Explore the loans_full_schema data set in openintro by performing
EDA
library(openintro)
## Loading required package: airports
## Loading required package: cherryblossom
## Loading required package: usdata
library(tidyverse)
## ── Attaching core tidyverse packages ──────────────────────── tidyverse 2.0.0 ──
## ✔ dplyr 1.2.0 ✔ readr 2.1.6
## ✔ forcats 1.0.1 ✔ stringr 1.6.0
## ✔ ggplot2 4.0.2 ✔ tibble 3.3.1
## ✔ lubridate 1.9.4 ✔ tidyr 1.3.2
## ✔ purrr 1.2.1
## ── Conflicts ────────────────────────────────────────── tidyverse_conflicts() ──
## ✖ dplyr::filter() masks stats::filter()
## ✖ dplyr::lag() masks stats::lag()
## ℹ Use the conflicted package (<http://conflicted.r-lib.org/>) to force all conflicts to become errors
library(dplyr)
1.Ask a question
Do people with higher annual income tend to get lower interest rates?
2.Visualize data to answer
ggplot(loans_full_schema, aes(x = annual_income, y = interest_rate)) +
geom_point(alpha = 0.2) +
scale_x_log10() +
labs(
title = "Interest Rate vs Annual Income",
x = "Annual Income (log scale)",
y = "Interest Rate"
) +
theme(plot.title = element_text(hjust = 0.5))
## Warning in scale_x_log10(): log-10 transformation introduced infinite values.
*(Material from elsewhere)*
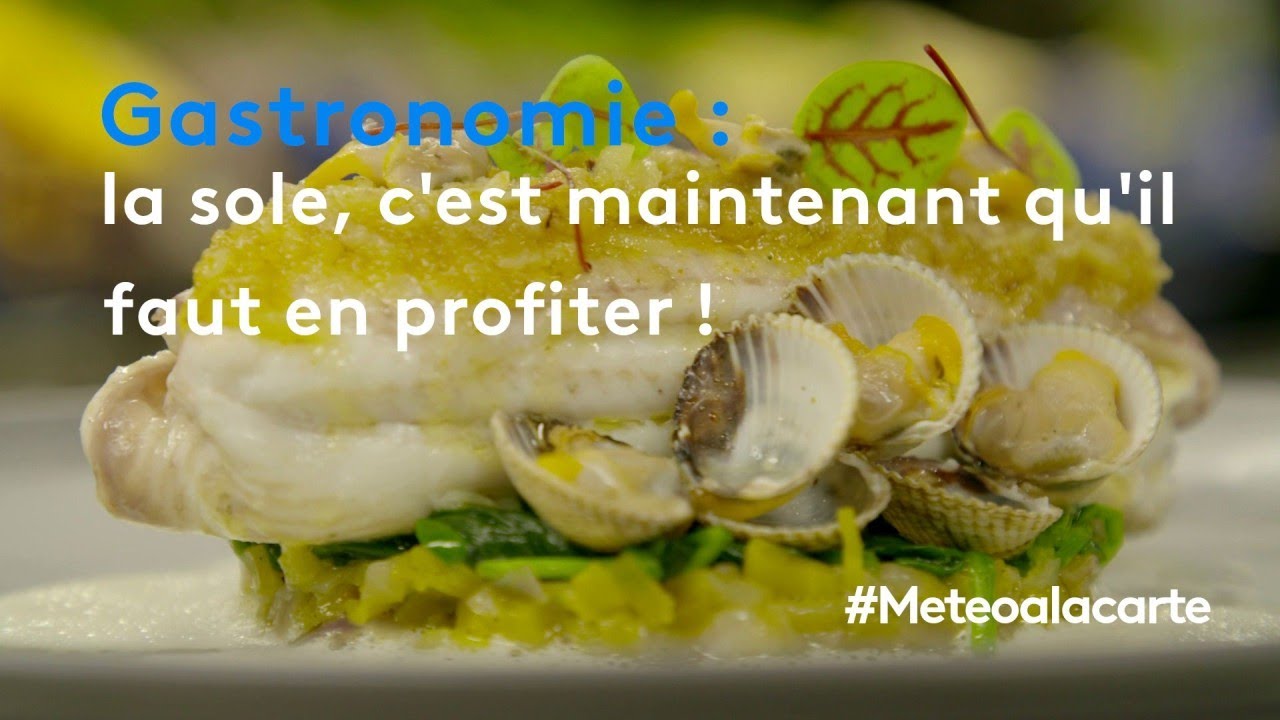 Gastronomie : la sole, c'est maintenant qu'il faut en profiter ! - Météo à la carte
Higher income loans often have slightly lower interest rates, but the points are very spread out, so income alone does not explain the rate.
3.Try to raise new questions
For similar income levels, does verified income status relate to interest rate?
4.Visualize data to answer
ggplot(loans_full_schema, aes(x = verified_income, y = interest_rate)) +
geom_boxplot() +
labs(
title = "Interest Rate by Verification Status",
x = "Verified Income",
y = "Interest Rate (%)"
) +
theme(plot.title = element_text(hjust = 0.5))
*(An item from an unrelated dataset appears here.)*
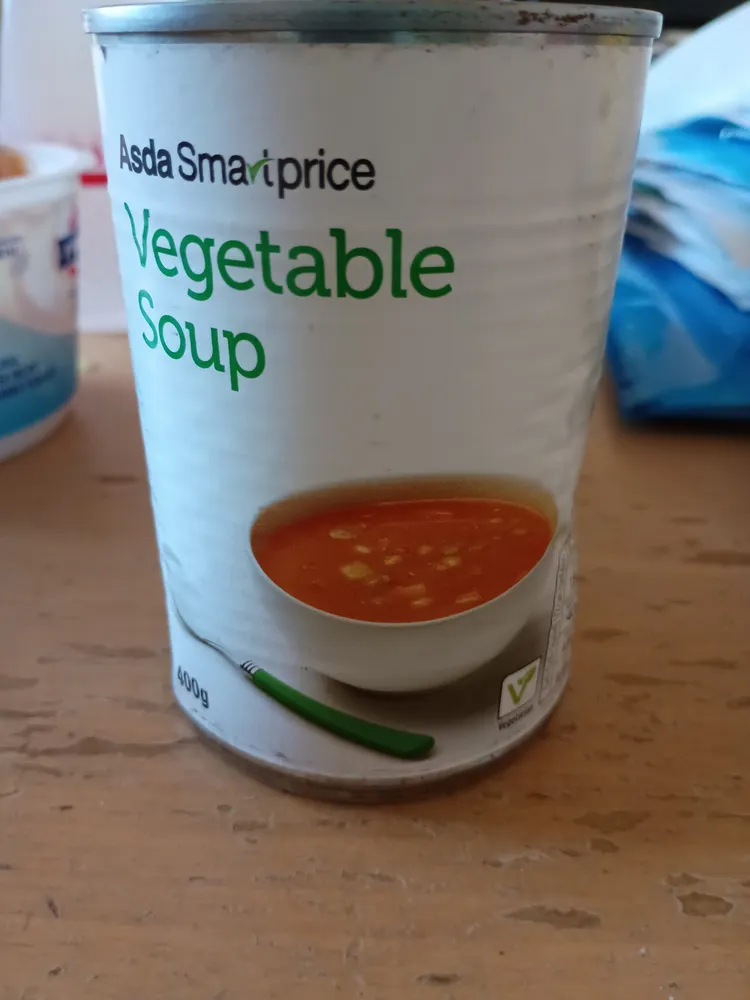 Vegetable soup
The verified groups show different typical interest rates, but there is still a lot of overlap, so verification is related to rate but it is not the only factor.
1(2).Ask a question
Do different loan purposes have different interest rates?
2(2).Visualize data to answer
ggplot(loans_full_schema, aes(x = loan_purpose, y = interest_rate)) +
geom_boxplot() +
coord_flip() +
labs(
title = "Interest Rate by Loan Purpose",
x = "Loan Purpose",
y = "Interest Rate"
) +
theme(plot.title = element_text(hjust = 0.5))

Some loan purposes have higher typical interest rates than others, but the distributions overlap a lot.
3(2).Try to raise new questions
Is the difference by loan purpose still there if we compare loans with the same grade?
4(2).Visualize data to answer
ggplot(loans_full_schema, aes(x = loan_purpose, y = interest_rate)) +
geom_boxplot() +
coord_flip() +
facet_wrap(~ grade) +
labs(
title = "Interest Rate by Loan Purpose (within each Grade)",
x = "Loan Purpose",
y = "Interest Rate"
) +
theme(plot.title = element_text(hjust = 0.5))

Within the same grade, the interest rates across purposes look more similar, so grade explains a lot of the differences we saw before.